Los tatuajes y piercings son una forma de expresión personal que ha sido utilizada por la humanidad desde tiempos inmemoriales. A pesar de esto, todavía hay muchos casos de discriminación hacia las personas que deciden adornar su cuerpo de esta manera.
La discriminación es cualquier forma de trato desigual que se da a una persona o grupo de personas basado en características que no tienen relación con sus habilidades, actitudes o comportamiento. Por lo general, se asocia con la raza, el género, la orientación sexual, la religión y, en este caso, la apariencia física.
Un estudio realizado en Estados Unidos en 2015 reveló que el 76% de las personas considera que las personas con piercings y tatuajes tienen menos oportunidades de conseguir trabajo. Asimismo, el 36% de los empleados que tienen tatuajes han manifestado haber sido discriminados en el trabajo por esta razón. En países como Japón, las personas con tatuajes son prohibidas en muchos lugares públicos como piscinas, saunas y baños termales, debido a que se les asocia con la yakuza (mafia japonesa).

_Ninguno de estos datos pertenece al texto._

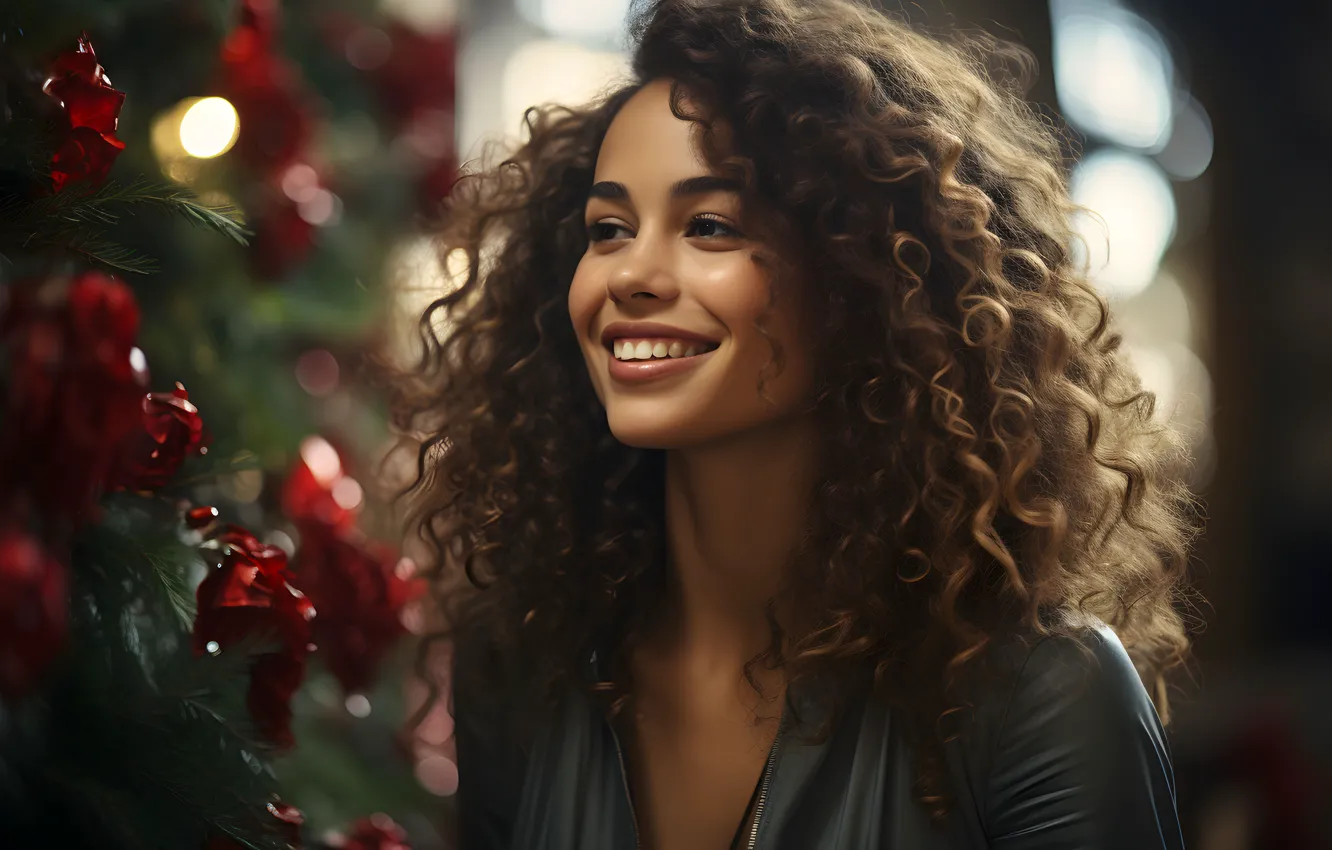 Photo wallpaper girl, joy, face, smile, emotions, holiday, new year, portrait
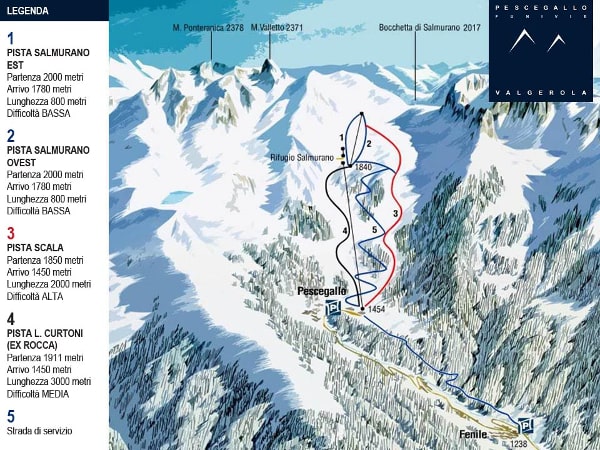 Pescegallo Ski Trail Map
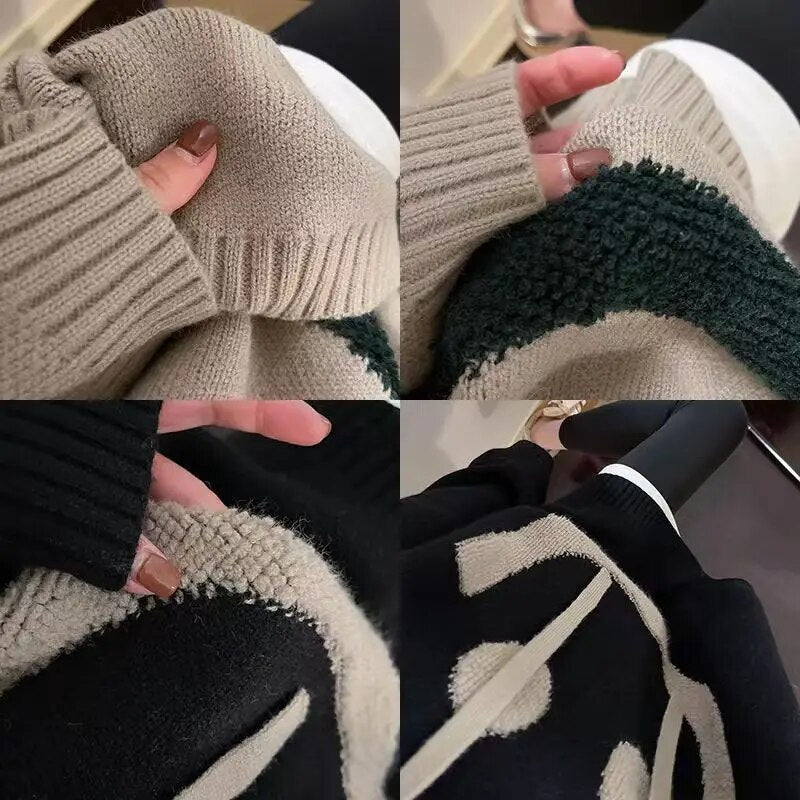 Women's long knitted smiley sweater
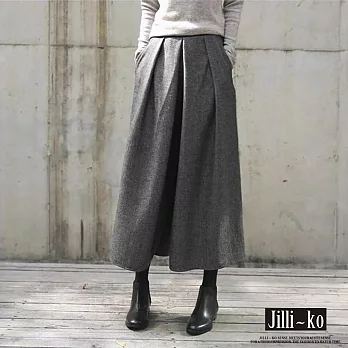 【Jilli~ko】秋冬新款裙褲寬鬆九分闊腿褲毛呢鬆緊腰 L-XL J12033  L 灰色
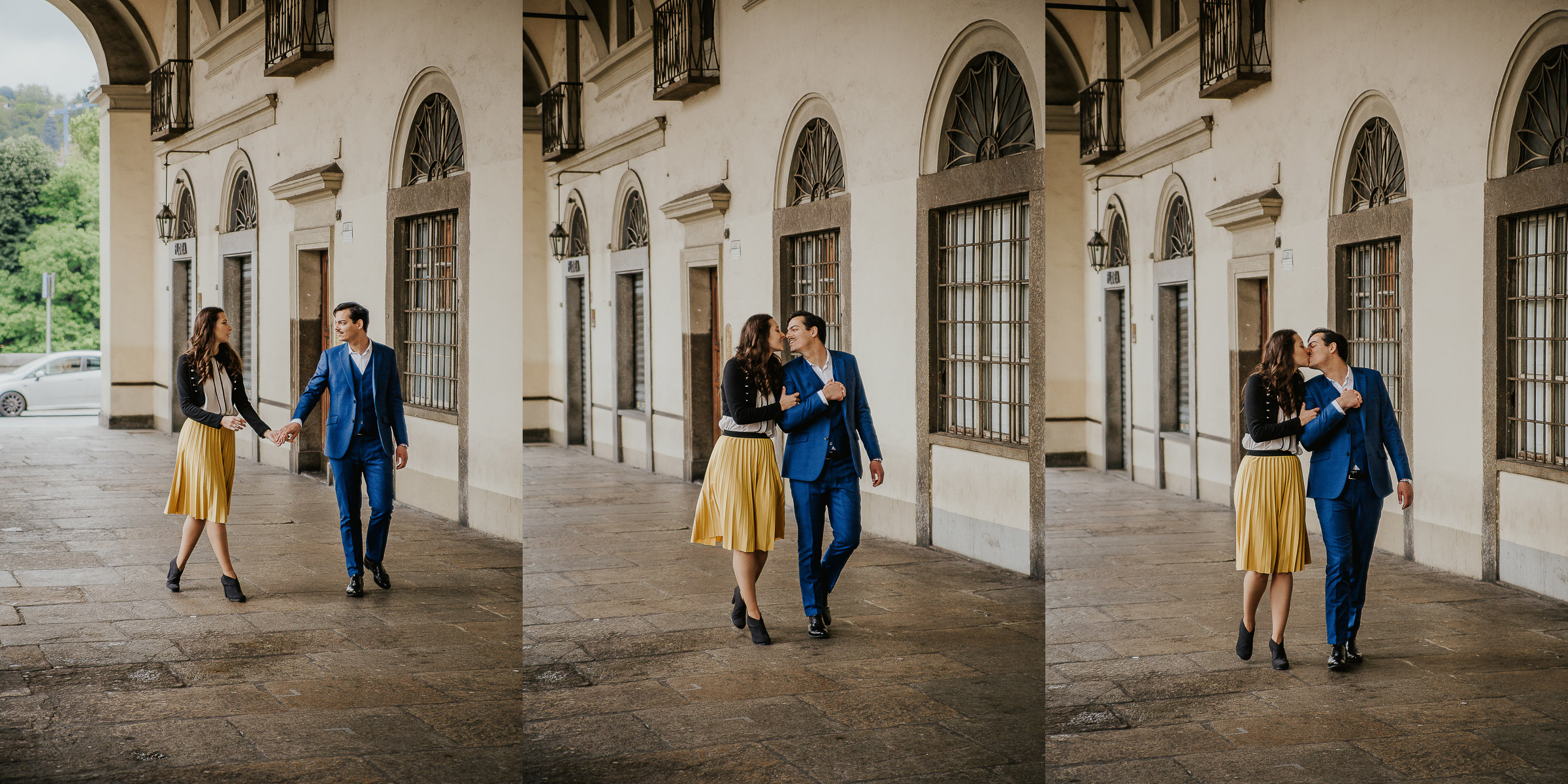 Engagement a Torino, in piazza Vittorio Veneto a Torino di Sara e Gabriel. Coppia sotto i portici.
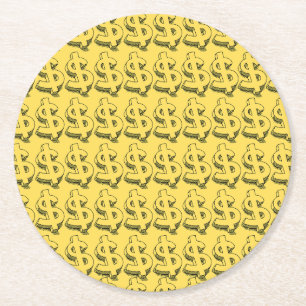 Dessous-de-verre Rond En Papier dollar or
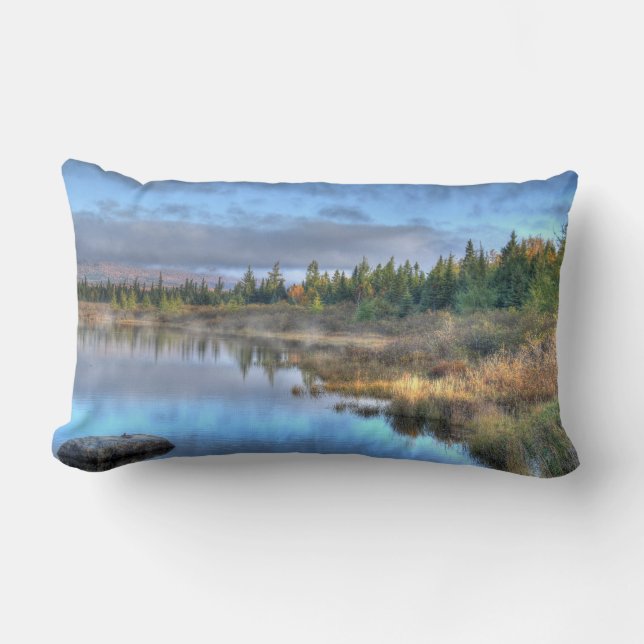 Autumn Sunrise at Moosehead Lake Maine Lumbar Cushion (Front)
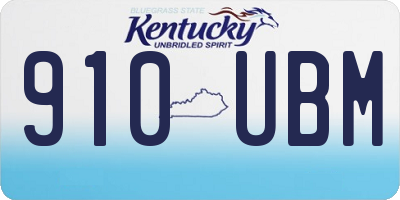 KY license plate 910UBM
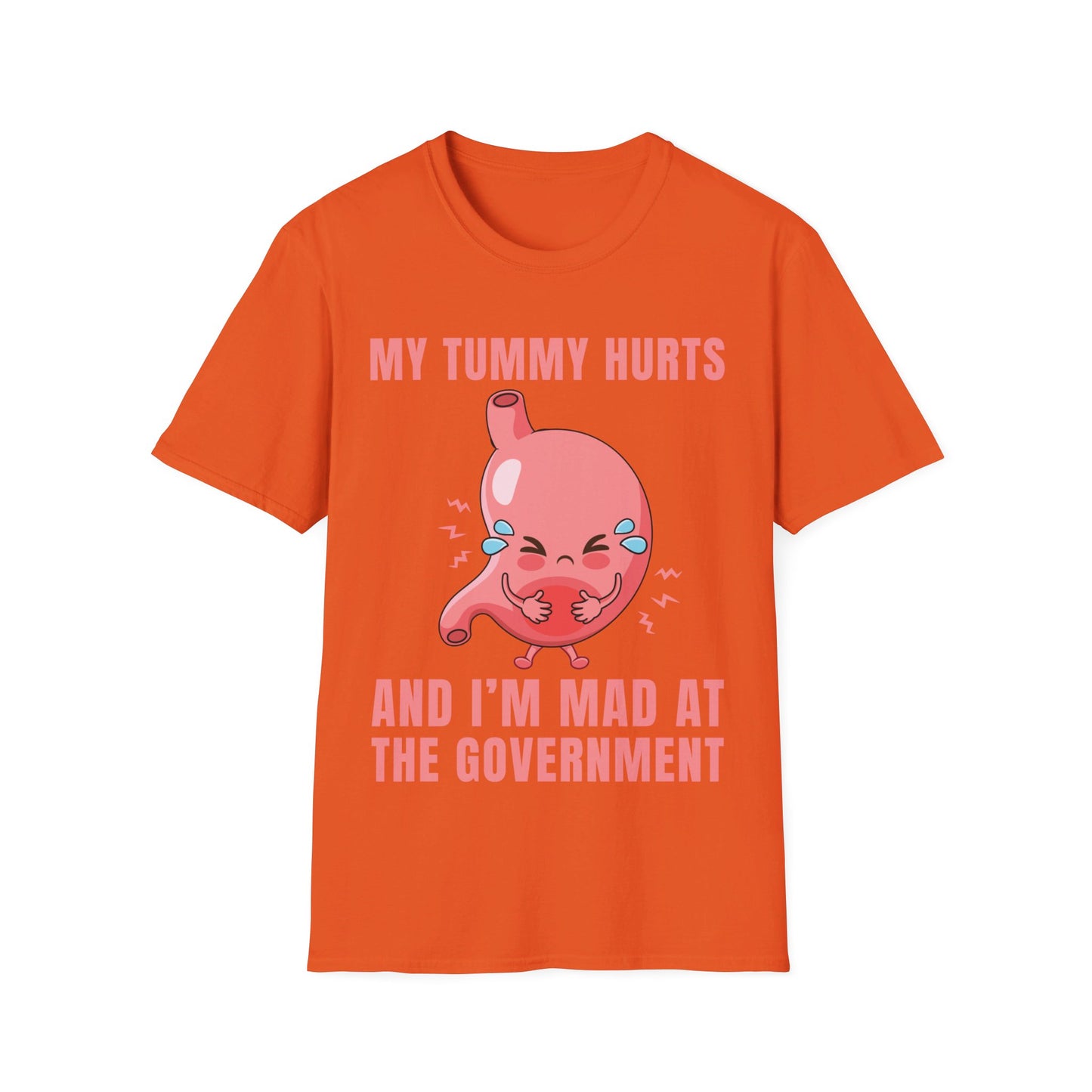 Funny My Tummy Hurts And I'm MAD At The Government Meme Sarcastic T-Shirt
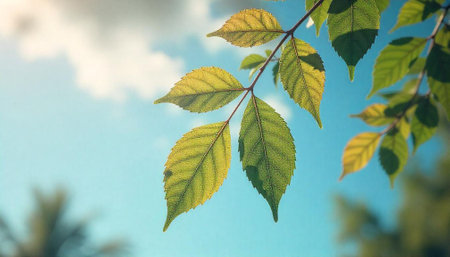 Sunlit tree leaves against a bright, clear blue sky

La discriminación hacia personas con tatuajes y piercings surge de muchos prejuicios y estereotipos infundados. Se cree que las personas con esta apariencia son violentas, peligrosas, poco serias y poco confiables. Esta percepción es especialmente acentuada en empleadores que ven a las personas con tatuajes como una amenaza para la imagen de su compañía.
En resumen, la discriminación hacia personas con tatuajes y piercings es un problema que debemos combatir con educación y medidas de inclusión. Debemos luchar contra los prejuicios y estereotipos que asociamos con esta forma de expresión personal y valorar a las personas por sus habilidades y actitudes en lugar de su apariencia física.